そして3つ目は、鶴見駅から3駅(約4分)の弁天橋駅で途中下車します。
弁天橋駅という駅名の由来は、以下のようになっています。

駅近くに漁師の守護神「弁天神」が奉られている池があり、その池に赤い橋が架かっていたことから駅名が付けられた。

弁天橋駅 – Wikipedia

全13駅中10駅が海側にあるJR鶴見線は、京浜工業地帯の中心部を走っています。
そのため、弁天橋駅は、JR鶴見線で京浜工業地帯の景色へと変化する駅なのです。
JFEエンジニアリング株式会社の本社が弁天橋駅に隣接しているほか、周囲にはたくさんの工場があって圧巻です。

弁天橋駅

弁天橋駅は、踏切を渡って改札を通る無人駅となっています。
駅舎自体は、2018年に建て替えられたばかりのため、とてもキレイでした。

ちょうど桜を見ることができましたが、平日の昼間でもホームはこの静けさ。
さすが「都会を走るローカル線」と言われるだけありますね。
この静かな弁天橋駅も朝と夜の通勤時間帯になれば、周辺で働く方々で混雑するのです。

弁天橋駅の改札口を出てすぐのところに、定食屋とコンビニがありました。
しかし、コンビニをよく見てみると「6:30~22:30/土日祝休」と記載されています。
一般的に24時間営業が多いコンビニで、通勤客に合わせた平日のみに営業している珍しい店舗です。

他にも、駅から歩いて約10分の場所には「沖縄タウン」があります。
この沖縄タウンは、横浜市鶴見区で沖縄の食材や民芸品が購入できるお店や、飲食店などが多く並ぶ地区です。
特に、沖縄タウンとして賑わっているのが「仲通商店街」です。

おきなわ物産センター
自販機 沖鶴地区 沖縄タウン

1920年以降みられた、主に大阪府や神奈川県への出稼ぎ労働者は毎年1万人以上となり[19]、その子孫らは大阪府大阪市大正区と神奈川県横浜市鶴見区に暮らしている

沖縄県の人口統計 – Wikipedia

鶴見区は京浜工業地帯の一角に位置しており、かつて沖縄を中心に全国から多くの人が集まり、工場などで働く人が住む街として発展してきました。

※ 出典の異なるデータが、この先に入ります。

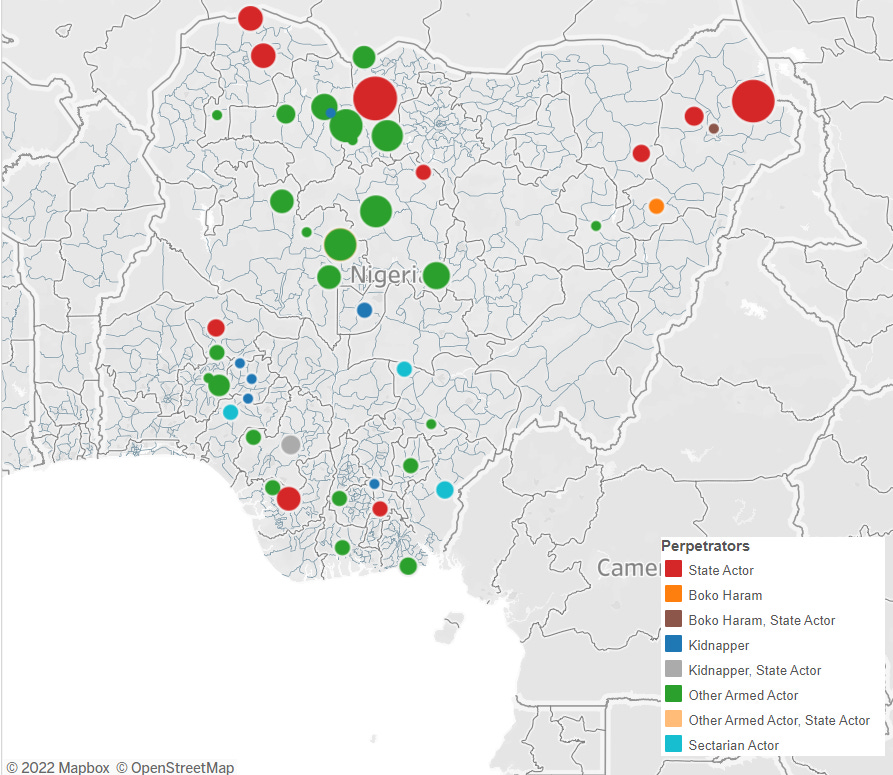 CFR's Nigeria Security Tracker Weekly Update: January 29–February 4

現在も区内各地に沖縄の物産展や飲食店が存在し、エイサーなどの伝統芸能の催しが行われています。

沖縄タウンつるみマップ – 横浜市
仲通商店街 潮田町
仲通商店街

第二次産業(明治~昭和)が盛んとなり、京浜工業地帯も発展していきました。
そのため、労働力が必要となり、当時では農業が中心だった沖縄県民が収入を得るために大阪や横浜に出稼ぎへ上京してきました。
沖縄から出稼ぎする多くの人々が鶴見に移り住んだことで、このような街ができたのです。
沖縄タウンでゆっくりしながら「沖縄ならでは」の食事もおすすめです。

沖縄 ソーキそば

横浜 沖鶴地区「沖縄タウン」ってどんなところ? – 横浜で暮らそう

改札口から出られない 横浜の絶景スポット「海芝浦駅」

最後4つ目は、鶴見駅から7駅(約9分)の終点・海芝浦駅で下車します。
今回は、浅野駅に途中下車しないため、これが4駅目で終点です。
海芝浦駅は、海が見える駅として有名な駅です。
ホームの目の前には、東京湾へ続く海が広がっています。
また、京浜工業地帯で工場が立ち並んでいるこの場所は、ライトアップされた夜景もおすすめです。

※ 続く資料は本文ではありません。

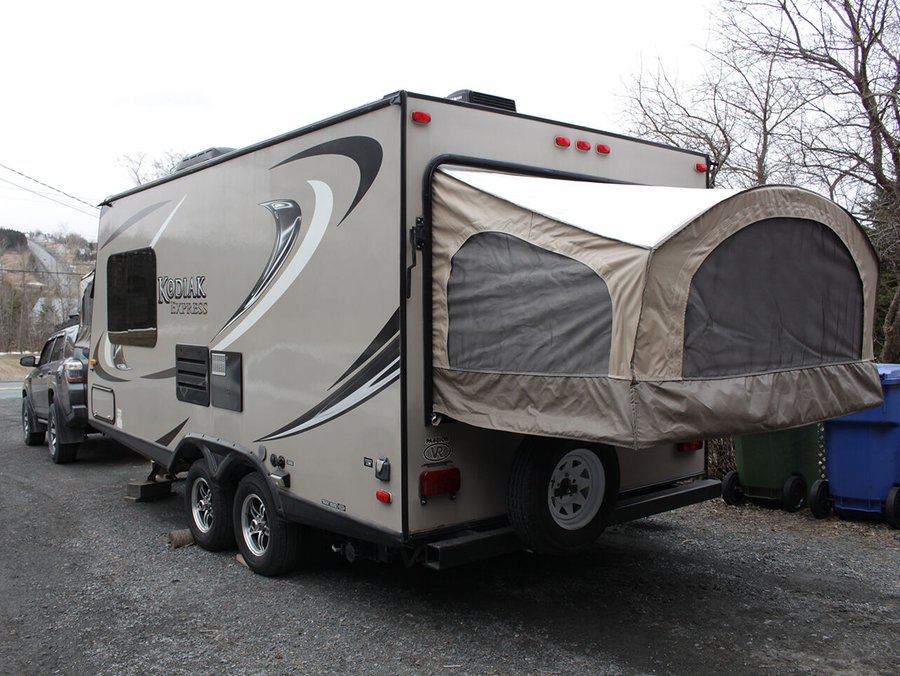 Kodiak DK186 2015 2015 Beige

この絶景を一望できる海芝浦駅は「関東の駅百選」に認定されており、鉄道ファンのみならず人気の駅なのです。
JR鶴見線の絶景な駅としても有名な一方で「改札口から出られない駅」でも有名です。
「改札口から出られない駅」と聞いて驚くと思いますが、その謎は改札口にあります。

1か所のみの海芝浦駅改札口は「株式会社東芝京浜事業所」の工場に繋がっています。
そもそも海芝浦駅は、東芝の従業員だけが利用するために造られた駅なのです。
そのため、駅全体が東芝の敷地内となっており、一般の方々は立ち入り禁止となっています。
また、東芝の建物は撮影も一切NGのため、気を付けましょう。
ただ、この駅の絶景を一般の方々が楽しめるように併設され、唯一立ち入ることができるのが「海芝公園」です。

海芝公園(うみしばこうえん)は、海芝浦駅に隣接する私設公園[7]。東芝が当駅の待合客に憩いの場を提供したい[8][9]との考えから、東芝エネルギーシステムズ京浜事業所が敷地の一部を整備し「海芝公園」と名づけ運営・管理し、一般客に開放している。1995年(平成7年)5月に開園[10]。2006年現在、入園無料、開園時間は9時 – 20時30分。ただし、元日は初日の出を拝む客のために、始発電車の到着時に開園する。

海芝浦駅 – Wikipedia
海芝公園

目の前には海が広がり、工場地帯や横浜ベイブリッジの景色も一望できます。
昼と夜で雰囲気が異なる海芝公園から見える絶景は、おすすめです。
園内には、ベンチや季節の植物があるため、お弁当を持参した家族連れも見かけました。
心地良い海風を感じながら、ピクニックなどでゆっくりとした時間を過ごしてみませんか。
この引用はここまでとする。